When WBEZ asked Walmart how it planned to source the organic materials for this discounted line, the retailer responded with a statement that:
“We are working with Wild Oats to create a surety of demand which ultimately helps us pass along savings to our customers. We using our scale to deliver quality organic groceries to our customers for less.”
But this equation of greater demand producing lower prices doesn’t add up for folks like organic farmer Harry Carr of Mint Creek Farm in East Central Illinois.
“I think it’s got everybody a bit perplexed,” he said. “It doesn’t make sense. I just can’t see Walmart proactively choosing to improve the quality of their food and picking up the price differential because they are nice guys. We know that historically Walmart’s strategy has been to price other retailers out of the market with their size and scope and economies of scale. They took away our main streets in exchange for big boxes and I don’t think people look upon that very kindly.”
Wild Oats CEO Tom Casey says he understands the confusion about how higher demand could create lower prices. But he says the farmers pay is only a small part of the food equation.
He notes the real savings will come from streamlining the now fragmented manufacturing, distribution and retail stages of the organic food chain.
Author and food journalist Ruth Reichl is also skeptical about sourcing, but she can see some real benefits to the move.
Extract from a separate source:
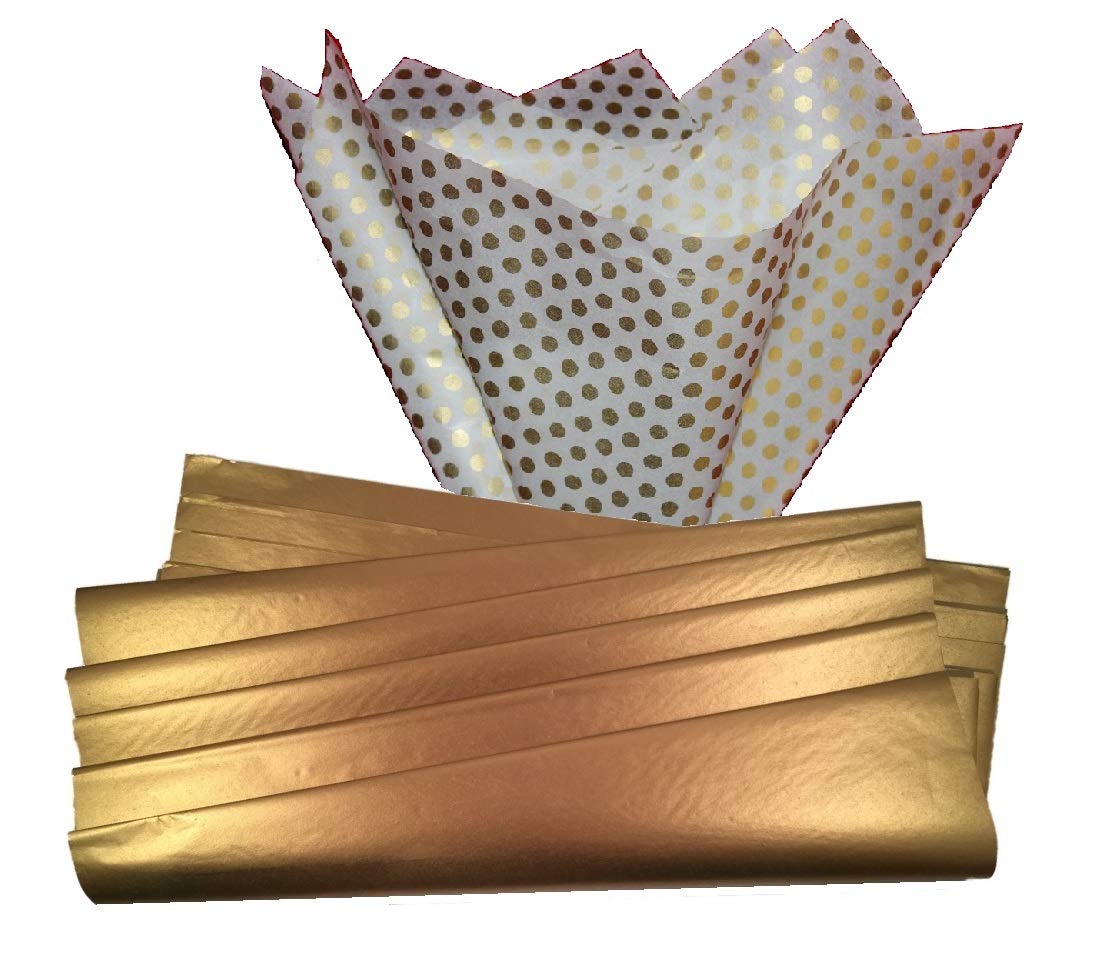 Tissue Paper for Gift Bags - 50 Sheets 14x20in Wrapping Paper, Gold Dots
“For all the people who want to eat organic food and don’t want pesticides and so forth, it’s a good thing,” Reichl says. “I think for down the road, for making organics mainstream it’s a very good thing. But I think for small farmers who are now raising organic food it could prove disastrous. I think they way they are going to end up doing this is industrial organic and probably a lot of imported organic food.”
Casey won’t say what percentage of imported organic will go into Walmart’s Wild Oats line but he acknowledges: “there are certain products that are difficult to source effectively in the US right now. So we have a limited number of products we source internationally, but that would be typical of anybody sourcing organic products….The key is that these products are organic certified and they have to meet these requirements no matter who’s producing them.”
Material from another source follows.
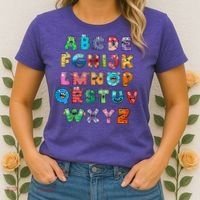 ABC Cute Monster Alphabet Halloween Teacher Costume Women's T-Shirt thumb 2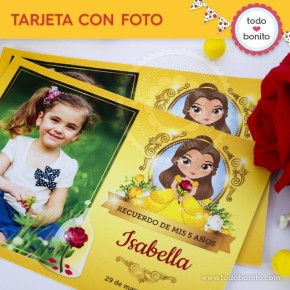 La Bella y la Bestia: tarjeta con foto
While some worry that these discounted organics will put small organic family farmers out of business, Casey says that Walmart is simply trying to offer “more choices.”
Jim Slama, president of Family Farmed.org, says he’s not worried about the effect on small farmers because he believes they serve a totally different marketplace.
“I think that someone growing on a family farm is going to be selling at a farmers market or maybe to local restaurants who will pay higher prices or maybe to Whole Foods or Marianos,” he says. “But there is no way they have the scale to sell to Walmart and they are not going to take their price.”
Plus, Slama says, there are real upsides for the environment if Walmart’s demand pushes more farmers to adopt organic practices. These would require them to meet standards that preserve the quality of soil and water.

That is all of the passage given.